4 Responses to “Argument Preview: United States v. Henning, No. 16-0026/AR”

  1. mathlete says:

    The “1 in 220” statistic does not mean that only 7 people in the community could have contributed the DNA.  It means that there’s a 1 in 220 chance that a randomly selected person in the commmunity could have contributed the DNA.  In fact, the possible contributors in the community could be 0, or 7, or 1000. 

  2. Lieber says:

    Right.  I figured out during law school that people who were good at math generally didn’t become lawyers….

  3. Zeke says:

    I wouldn’t be surprised if CAAF chooses not to spend much time in its decision debating whether the CCA was appropriately deferential – CAAF pierces through the CCA and reviews the trial judge’s decision directly on 62 appeals:  “In an Article 62, UCMJ, 10 U.S.C. § 862, petition, this Court reviews the military judge’s decision directly and reviews the evidence in the light most favorable to the prevailing party at trial.”  United States v. Wicks, 73 M.J. 93, 98 (C.A.A.F. 2014).  Argument might touch on the CCA’s standard of review, but that doesn’t mean the decision will turn on that point.
    In addition, I think CAAF is going to be very deferential to the trial judge’s job as the gate-keeper especially in cases involving an expert testifying about forensic lab results.  The Court just ruled that the trial judge’s enforcement of MRE 702 is the stand-in they prefer to the alternative of applying a strict Confrontation Clause analysis.  I think CAAF is not going to defang trial judges on this issue after having just rested all of its Confrontation Clause chips on their power.  See Katso, 74 MJ 273, fn 5 (“This case illustrates the gatekeeping role that military judges play, not only to ensure that expert testimony is reliable, but also to evaluate whether an expert’s conclusions rely in part on testimonial hearsay, and, if so, whether the expert undertook sufficient independent analysis to render his own opinions as defined in Blazier II. 69 M.J. at 224-25; cf. Daubert v. Merrell Dow Pharm., Inc., 509 U.S. 579, 597 (1993).”)

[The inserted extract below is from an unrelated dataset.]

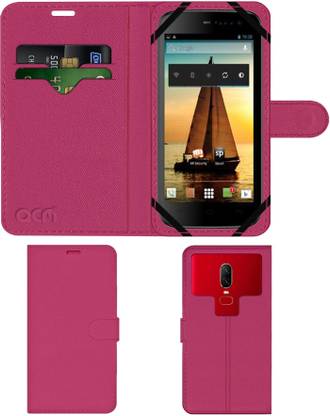 ACM Flip Cover for Micromax A117 Canvas Magnus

  4. Zachary D Spilman says:

    You’re absolutely right about piercing the intermediate review, Zeke. It’s a point I highlighted last year in my argument preview in Keefauver, when I noted caselaw that:

    When reviewing a ruling on a motion to suppress, we consider the evidence in the light most favorable to the prevailing party. . . . [W]e pierce the intermediate level of appellate review and examine the military judge’s ruling directly.

    United States v. Baker, 70 M.J. 283, 288 (C.A.A.F. 2011) (citations omitted).

    But look at the granted issue. CAAF didn’t grant to determine whether the military judge erred in suppressing the DNA result. Rather, CAAF granted review to determine whether the CCA applied the appropriate standard of review.